We also find, through simulations, that multislice electron ptychography can enable the detection and location of interstitials and single atomic dopants in all three dimensions. We constructed a structural model by introducing single dopants in a 15-nm-thick PrScO₃ crystalline matrix and generated diffraction data by using mutislice simulations (23). Dopant atoms with different atomic numbers (Z) will exhibit different visibilities in multislice electron ptychography because their potentials vary in width and magnitude. Therefore, we introduced defect atoms with a range of scattering strengths, from heavy (Pr; Z = 59) to light (O; Z = 8) and placed them at both interstitial (Fig. 4, E and F) and substitutional (fig. S14) sites and at different depth positions. Figure 4E shows the reconstructed phase images from 3 of 30 slices (movie S2) from the two Pr dopants at depths that differ by 3 nm. The depth profile across the two single dopants (Fig. 4F) shows well-localized contrast in all three dimensions.
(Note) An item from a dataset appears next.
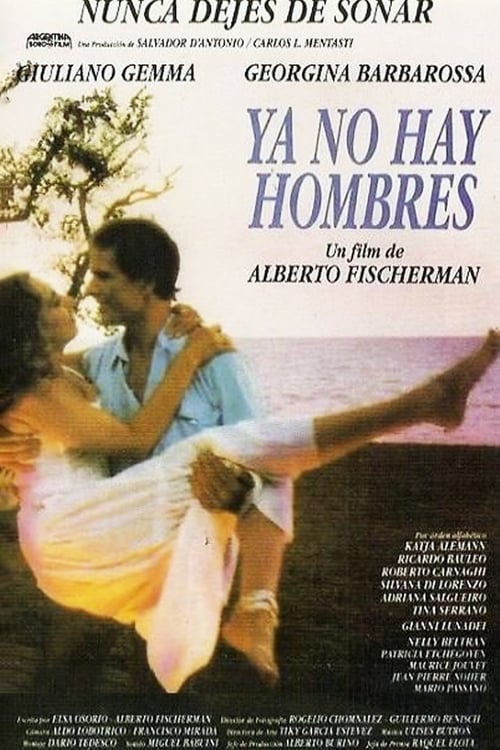 Ya no hay hombres (1991)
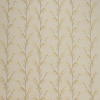 Sumi Saffron Fabric Flat Image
The depth resolution estimated from the full width at 80% of the maximum (FW80M) at the dopant peak in the depth profile (Pr2 in Fig. 4G) is 0.9 nm. Depth profiles from single Pr, Sc, and O dopants (Fig. 4G) are similar and show FW80M in depths of 0.9, 1.6, and 2.0 nm, respectively. This also shows that the depth resolution depends on the scattering power of the dopant, which in turn depends on the atomic number, as noted for the lateral resolution discussed earlier. A strong contrast and good depth resolution are also retained for single substitutional dopants on the atomic columns (fig. S14). Notably, the depth resolution from multislice electron ptychography exceeds the aperture-limited resolution ( $\frac{\lambda }{{\alpha }^2}$, where $\lambda$ is the wavelength and $\alpha$ is the probe-forming semi-angle) and has an illumination-dose dependence (Fig. 4H). Additionally, the depth resolution depends on contrast and transverse resolution and can be potentially improved by collecting electrons scattered to higher angles and using a more converging or diverging electron beam (21).

Because conventional imaging methods are based on projections through the entire sample, single dopants embedded in a relatively thick matrix usually show little or no contrast (fig. S16). Only dopants with large atomic numbers in a light element matrix and a very thin sample may be detectable. For example, an Sb atom in a silicon matrix can be distinguished by STEM annular dark-field imaging only in samples thinner than 5 nm (32). Furthermore, there is strong multiple electron scattering in crystalline samples, and the resultant rechanneling of the electron beam may lead to incorrect column locations for dopants via conventional optical sectioning methods (33). These artifacts also have consequences for electron tomography, the most commonly used technique for determining 3D structures of samples, because poor or incorrect contrast from single dopants in the projection images used for electron tomography hinders their identification and correct localization. The recovered linear signal provided by our full inversion of electron multiple scattering via multislice electron ptychography addresses these deficiencies. Therefore, multislice electron ptychography provides a powerful tool for locating single dopants at more than twice the resolution in all three dimensions compared with conventional approaches. Combined with tomography, robust atomic-resolution details of defect clusters should be possible in all three dimensions.